PROBLEM
Go through the data below and copy it exactly, skipping every picture.

Stored data entries
####
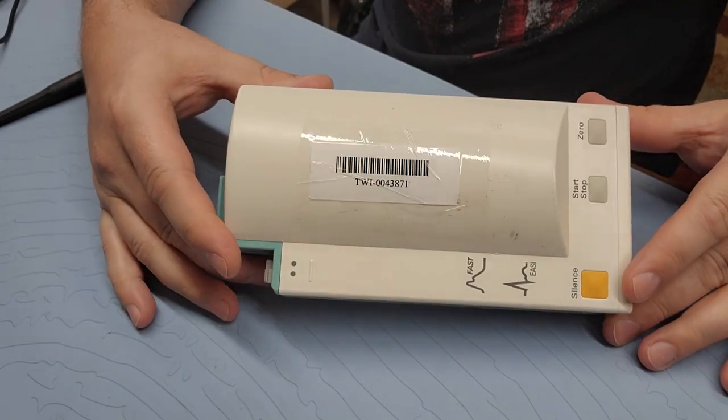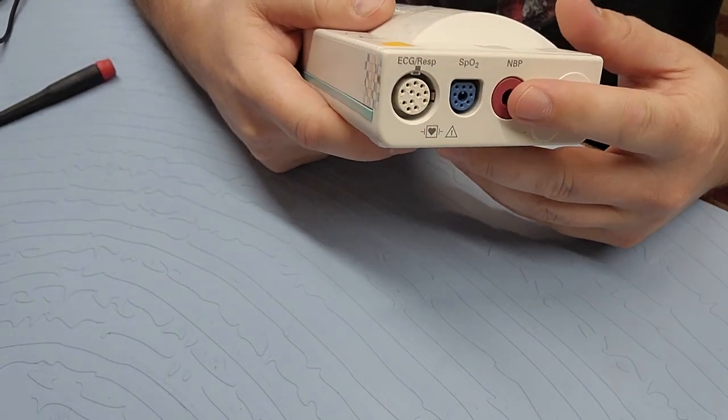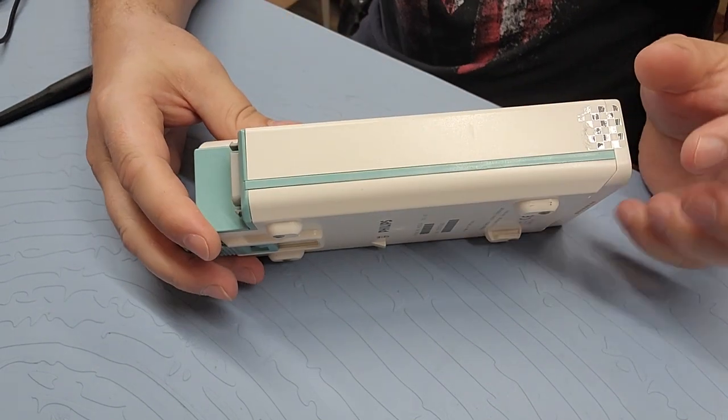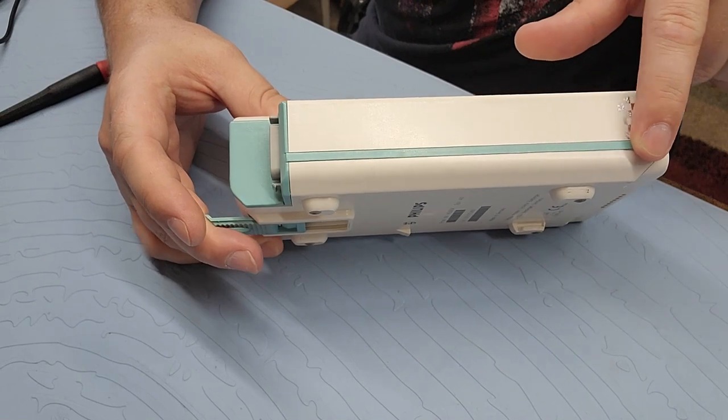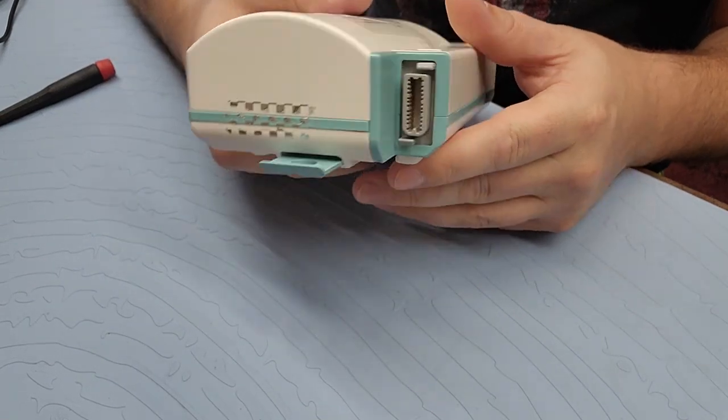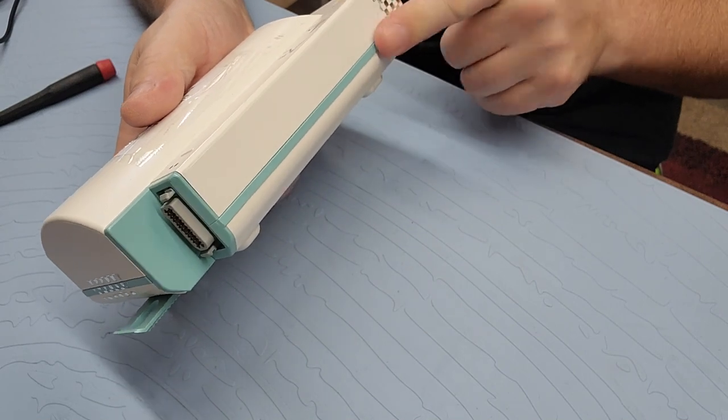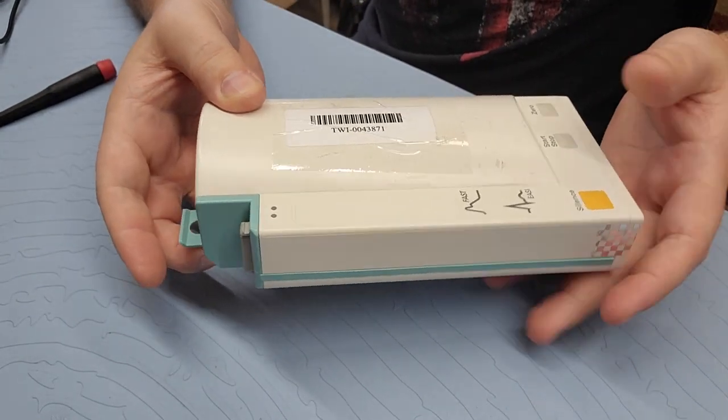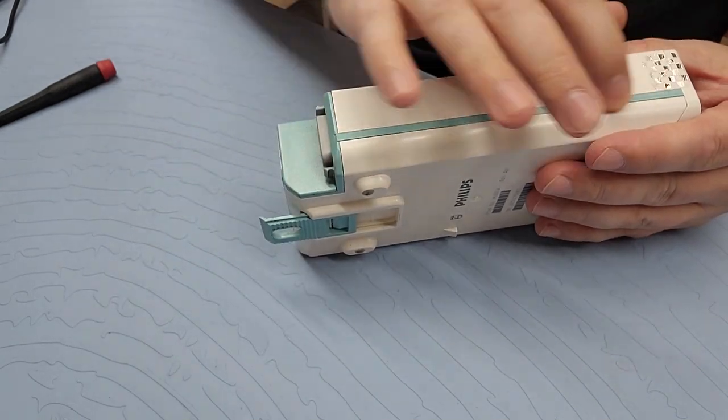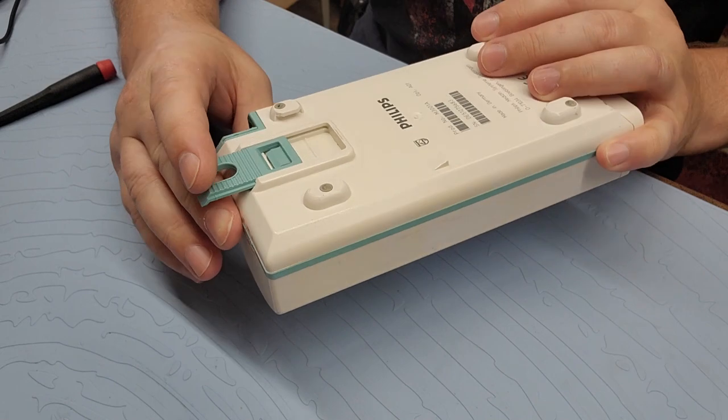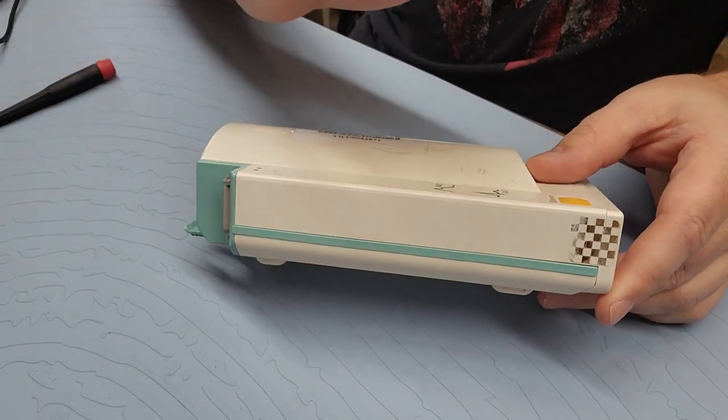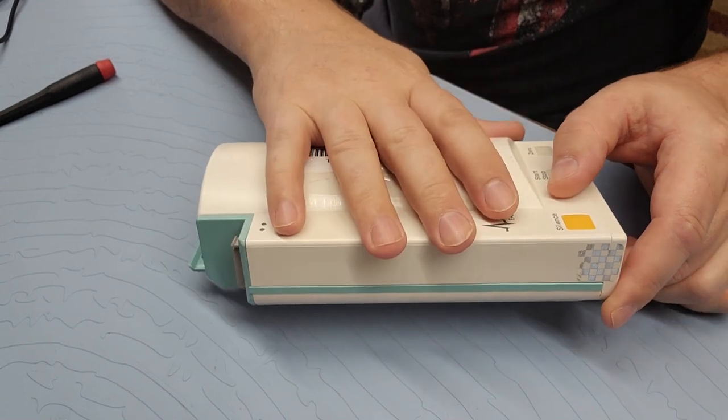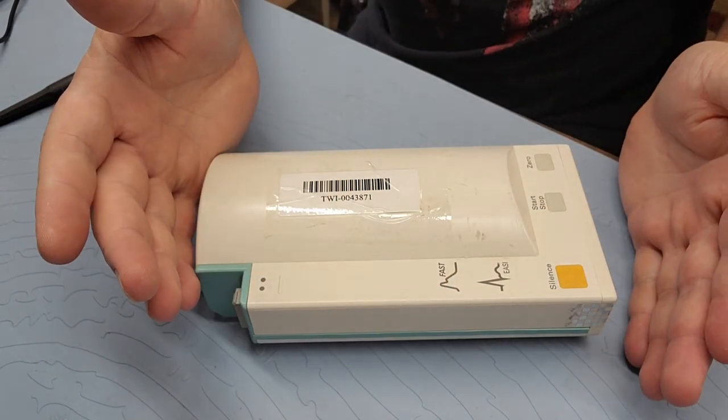Philips has several variants of this module, not just in the parameters but also in the software. And one of the biggest indicators for the various software is this coloring right here, which this one's got the teal. You can see this one here is probably an older version, but that's okay because it still works with a majority of monitors. The key thing to know is that the software inside this guy has to be compatible with the software in the patient monitor.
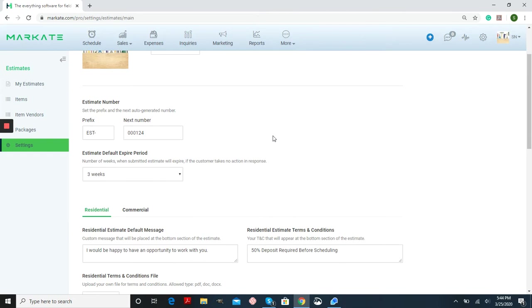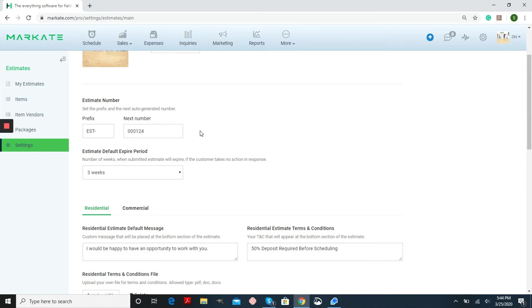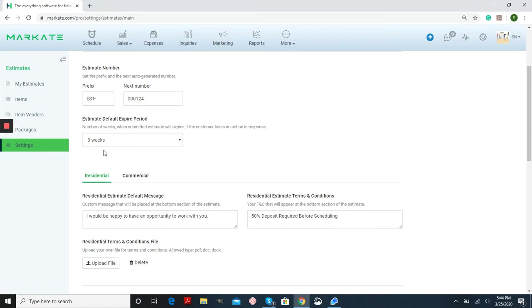Scrolling down, you can change the prefix on your estimates, or the next number in line being generated, and when your estimate will be expiring.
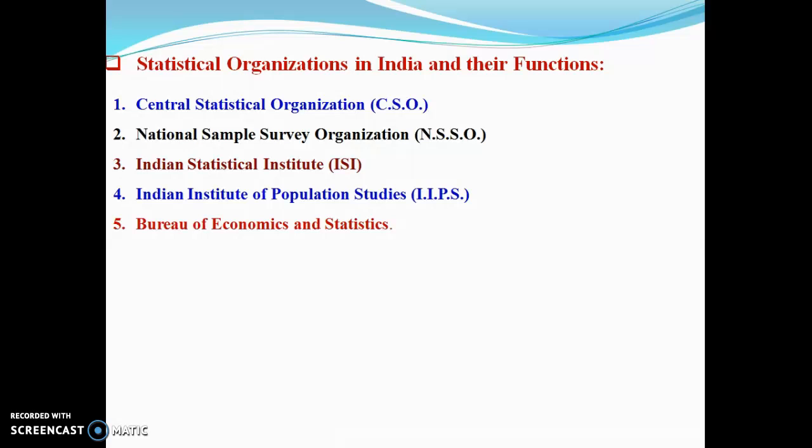IIPS offers regular teaching programs including Diploma in Population Studies (DPS), Master of Population Studies (MPS), MPhil in Population Studies, Doctor of Philosophy in Population Studies, and correspondence courses. It also offers a Diploma in Health Promotion through its Training and Research Center in Mumbai, affiliated to IIPS.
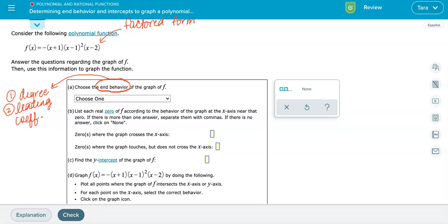We have a negative out in front. The first factor has an x, the second factor also has an x but it is squared, and the third factor also contains an x. So x times x squared times x gives us x to the fourth. We would end up with negative x to the fourth as our leading term. That tells us the largest exponent is four, so the function is degree four, and the negative in front is the leading coefficient.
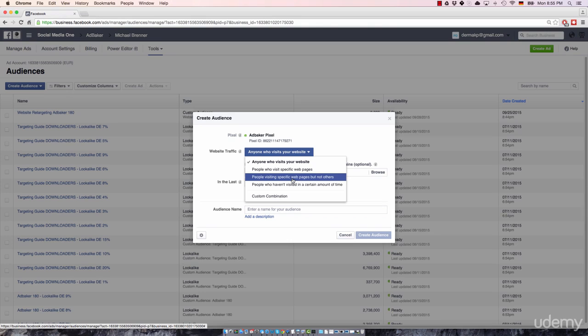So you can just forward them to a new squeeze page, can offer them something different that's still related to their desired end result, but it's just something different.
####
SOLUTION TO THE PROBLEM
Philips has several variants of this module, not just in the parameters but also in the software. And one of the biggest indicators for the various software is this coloring right here, which this one's got the teal. You can see this one here is probably an older version, but that's okay because it still works with a majority of monitors. The key thing to know is that the software inside this guy has to be compatible with the software in the patient monitor.
Scrolling down, you can change the prefix on your estimates, or the next number in line being generated, and when your estimate will be expiring.
IIPS offers regular teaching programs including Diploma in Population Studies (DPS), Master of Population Studies (MPS), MPhil in Population Studies, Doctor of Philosophy in Population Studies, and correspondence courses. It also offers a Diploma in Health Promotion through its Training and Research Center in Mumbai, affiliated to IIPS.
We have a negative out in front. The first factor has an x, the second factor also has an x but it is squared, and the third factor also contains an x. So x times x squared times x gives us x to the fourth. We would end up with negative x to the fourth as our leading term. That tells us the largest exponent is four, so the function is degree four, and the negative in front is the leading coefficient.
So you can just forward them to a new squeeze page, can offer them something different that's still related to their desired end result, but it's just something different.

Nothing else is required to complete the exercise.